Collected material
════════

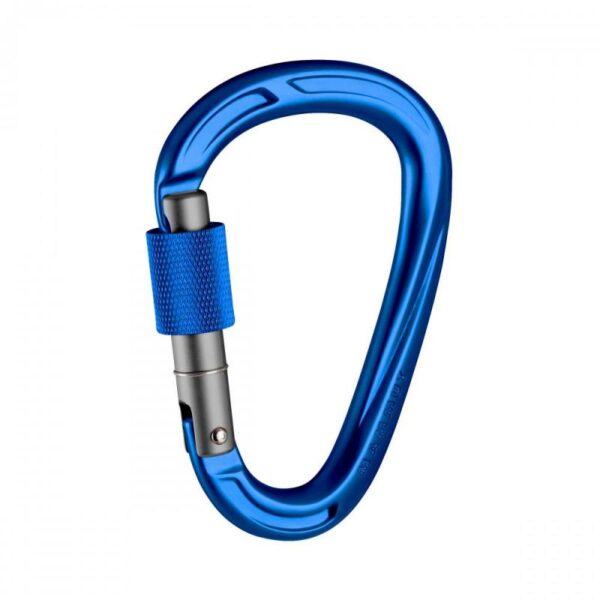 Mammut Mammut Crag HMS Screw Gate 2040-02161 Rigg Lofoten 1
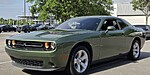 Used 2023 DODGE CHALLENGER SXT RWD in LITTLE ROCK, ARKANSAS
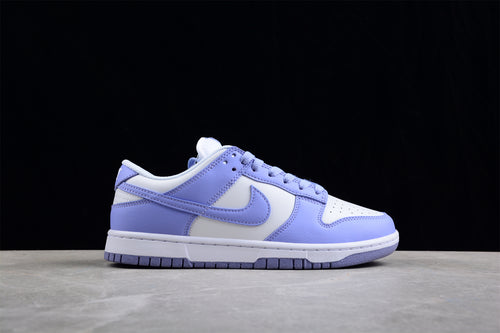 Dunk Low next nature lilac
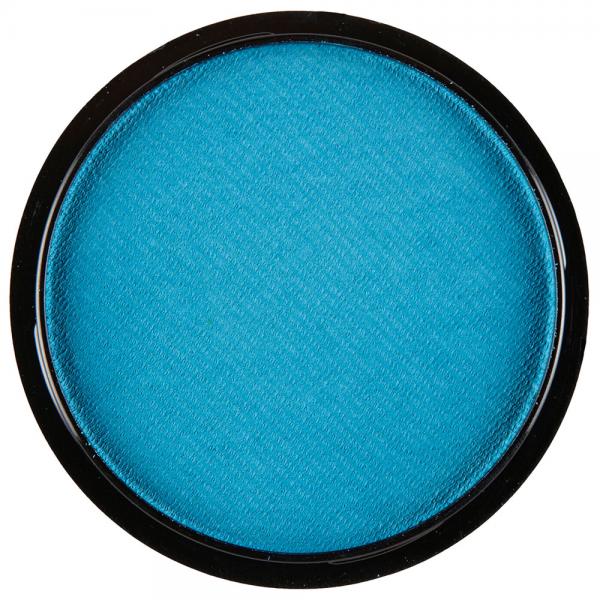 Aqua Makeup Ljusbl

════════

The material is to be reproduced verbatim, and no picture may appear in the copy.

 Mammut Mammut Crag HMS Screw Gate 2040-02161 Rigg Lofoten 1
 Used 2023 DODGE CHALLENGER SXT RWD in LITTLE ROCK, ARKANSAS
 Dunk Low next nature lilac
 Aqua Makeup Ljusbl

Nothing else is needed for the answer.